Notably, the company’s decision to remove the iconic logo, which has been in place over 50 years, is being done in response to government laws introduced in 2017 that state products must be at least 80% from origin in order to have local branding.
It has been reported that the Matterhorn logo, which contains a secret bear motif, will be replaced with a generic mountain range image.
According to US-based Mondelēz, which acquired the brand in 1990, the mountain logo’s adjustment, will form part of a wider packaging revamp for the distinctive honeycomb chocolate that was patented by Theodor Tobler in 1909. It is understood that the Bern site in Switzerland will still be retained for at least part of the production, with the move having been reported to Swiss newspaper Aargauer Zeitung.
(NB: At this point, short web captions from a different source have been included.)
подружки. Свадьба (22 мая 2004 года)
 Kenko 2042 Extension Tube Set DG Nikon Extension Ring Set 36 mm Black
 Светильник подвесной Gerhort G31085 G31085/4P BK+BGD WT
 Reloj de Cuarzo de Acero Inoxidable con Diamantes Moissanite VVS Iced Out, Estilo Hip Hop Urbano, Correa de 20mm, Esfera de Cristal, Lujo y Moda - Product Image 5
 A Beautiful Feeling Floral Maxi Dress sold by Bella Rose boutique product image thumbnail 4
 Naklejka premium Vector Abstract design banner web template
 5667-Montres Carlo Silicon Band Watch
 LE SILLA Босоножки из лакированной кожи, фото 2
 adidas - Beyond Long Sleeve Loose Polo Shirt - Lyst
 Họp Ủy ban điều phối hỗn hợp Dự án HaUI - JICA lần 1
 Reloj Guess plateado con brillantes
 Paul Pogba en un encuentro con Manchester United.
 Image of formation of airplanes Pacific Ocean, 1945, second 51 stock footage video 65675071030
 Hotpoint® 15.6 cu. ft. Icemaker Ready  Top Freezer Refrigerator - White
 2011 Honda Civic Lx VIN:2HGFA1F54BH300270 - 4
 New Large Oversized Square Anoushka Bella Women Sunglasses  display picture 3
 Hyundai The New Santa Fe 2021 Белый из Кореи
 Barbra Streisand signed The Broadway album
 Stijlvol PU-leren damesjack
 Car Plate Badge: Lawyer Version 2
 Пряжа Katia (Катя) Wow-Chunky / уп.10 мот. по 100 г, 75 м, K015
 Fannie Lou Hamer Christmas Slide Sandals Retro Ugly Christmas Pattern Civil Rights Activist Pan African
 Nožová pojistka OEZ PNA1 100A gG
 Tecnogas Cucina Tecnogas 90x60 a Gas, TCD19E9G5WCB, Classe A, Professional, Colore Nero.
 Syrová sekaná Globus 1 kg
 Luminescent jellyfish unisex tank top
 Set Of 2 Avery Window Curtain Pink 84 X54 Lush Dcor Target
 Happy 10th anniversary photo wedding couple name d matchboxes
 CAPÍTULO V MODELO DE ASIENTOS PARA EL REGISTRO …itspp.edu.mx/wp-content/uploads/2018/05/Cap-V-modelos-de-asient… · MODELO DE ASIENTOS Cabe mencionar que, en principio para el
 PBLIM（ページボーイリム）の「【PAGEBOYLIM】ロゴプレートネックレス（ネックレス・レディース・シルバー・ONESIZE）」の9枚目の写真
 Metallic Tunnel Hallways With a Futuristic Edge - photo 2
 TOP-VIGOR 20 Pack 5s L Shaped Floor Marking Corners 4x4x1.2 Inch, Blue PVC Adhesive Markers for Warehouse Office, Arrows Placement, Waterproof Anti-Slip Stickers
Confectionery Production has previously visited the Toblerone factory in Switzerland, where its teams revealed the considerable local pride that the distinctive bars had always been made entirely within the country.
Posting in response to the news, Twitter user Lukas Benzl said: “Bye bye Matterhorn. Iconic Swiss chocolate brand Toblerone is forced to change its logo for the first time in over 50 years to fall in line with new Swiss government rules.”
Furthermore, fellow Twitter user James Hall believed that other mountain ranges should now be considered. He said: “Shame to throw away all that triangular packaging when you can move to Uganda! Switzerland say Toblerone must stop using Swiss mountain image around which it built its chocolates because they’re no longer made there. Might I humbly suggest Mt. Muhabura on the Rwanda-Uganda border?” Another social media observer, “John,” wrote on Twitter: “Don’t worry, I got my Toblerone before the label changes.”
In addition, Dutch-based impact confectionery brand also took to social media, imploring the company as part of its rebrand to adopt its ‘Open chain’ system designed to pay farmers more and help deliver a living wage for agricultural workers.
Taking to Twitter, the company said: ”While you’re changing up your logo, why not add the Tony’s Open Chain button? All you’ve gotta do is pay a higher price for cocoa and adopt our way-of-working. Become a Mission Ally and we can move mountains together.”
The logo removal follows previous controversy for the brand in 2016, when it widened the gaps between peaks in the chocolate, prompting a notable backlash from shoppers – resulting in its reinstatement a short while later.